I’m a newbie to web development (and development in general) and I’m building out a rails app which scrapes data from a third party website. I’m using Nokogiri to parse for specific html elements that I’m interested in and these elements are stored in a database.
However, I’d like to save the html of the whole page I’m scraping as a back-up in case I change my mind on what type of information I want and in case the website removes the site (or updates it).
What’s the best practice for storing the archived html?
Should I extract it as a string and put it in a database, write it to a log or text file, or what?
Edit:
I should have clarified a bit. I am crawling on the order of 10K websites a week and anticipate only needing to access the back-ups on once-off basis if I redefine the type of data I want.
So as an example, if was crawling UN data on country population data and originally was looking at age distributions but later realized I wanted to get the gender distributions as well, I’d want to go back to all my HTML archives and pull the data out. I don’t anticipate this happening much (maybe 1-3 times a month) but when it does I’ll want to retrieve it across 10K-100K listings. The task should only take a few hours to do around 10K records so I guess each website fetch should take at most a second. I don’t need any versioning capability. Hope this clarifies.

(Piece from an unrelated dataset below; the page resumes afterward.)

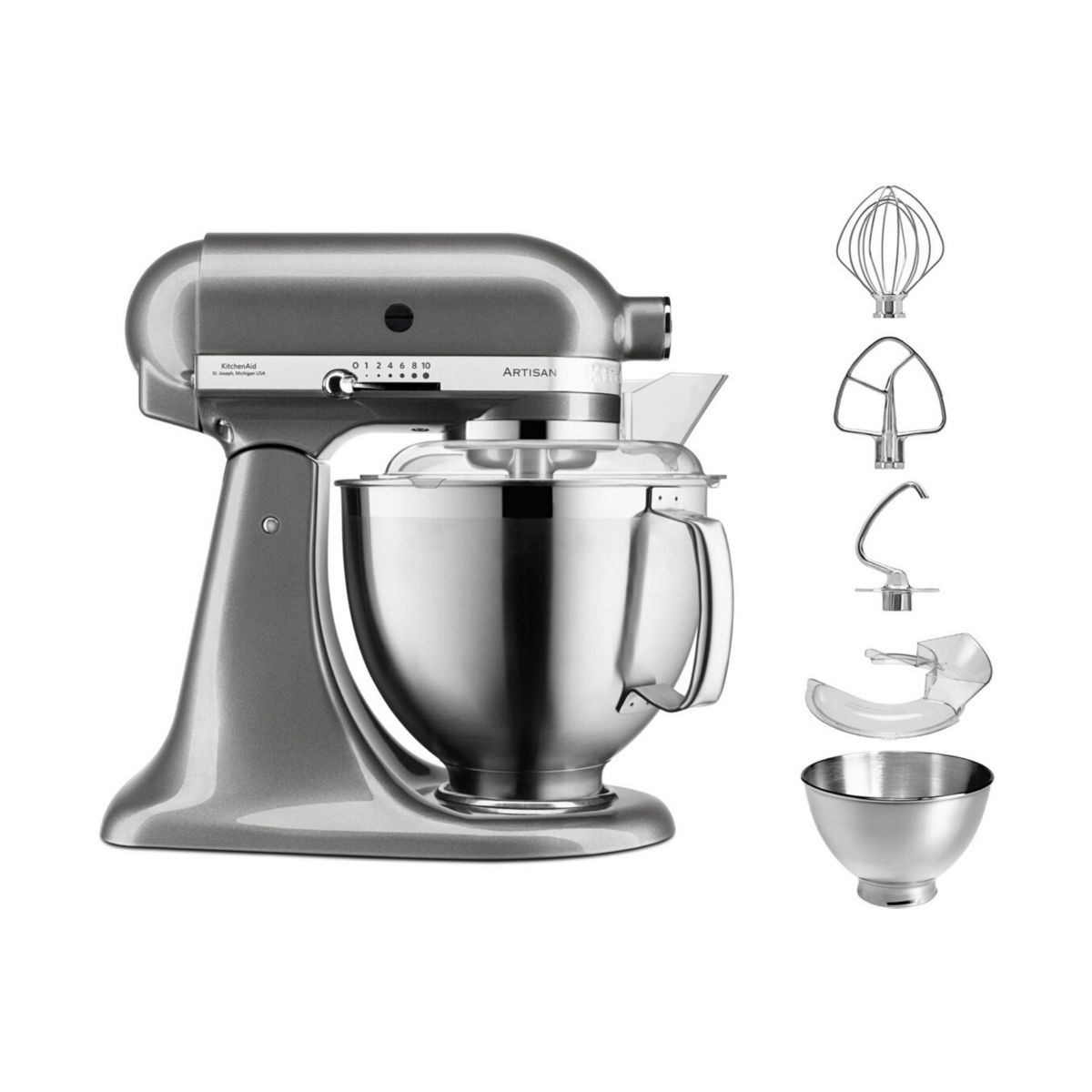 Robot pâtissier 5KSM185PSEMS Artisan Gris étain, 4,8 L, accessoires inox, bol 3L, couvercle antiprojections, KITCHENAID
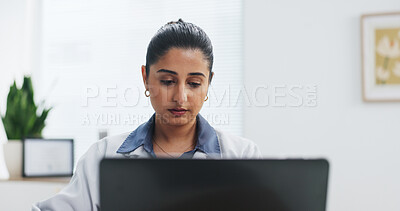 Buy stock photo Doctor, healthcare and laptop with woman in office at hospital for online planning or research. Computer, insurance and medical with Indian person in clinic for administration, report or study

I’m not sure what the “best practice” for this case is (it will vary by the specifics of your project), but as a starting point I’d suggest creating a model with a string field for the URL and a text field for the HTML itself, and save the pages there. You might add a uniqueness validator for the URL, to make sure you don’t store the same HTML twice.
You could then optionally add model methods to initiate a nokogiri document from the HTML text, thus using the HTML string as the “master” record (in the DB) and generating the nokogiri document on the fly when needed. But again, as @dave-newton points out, a lot of this will depend on what you’re going to do with this HTML.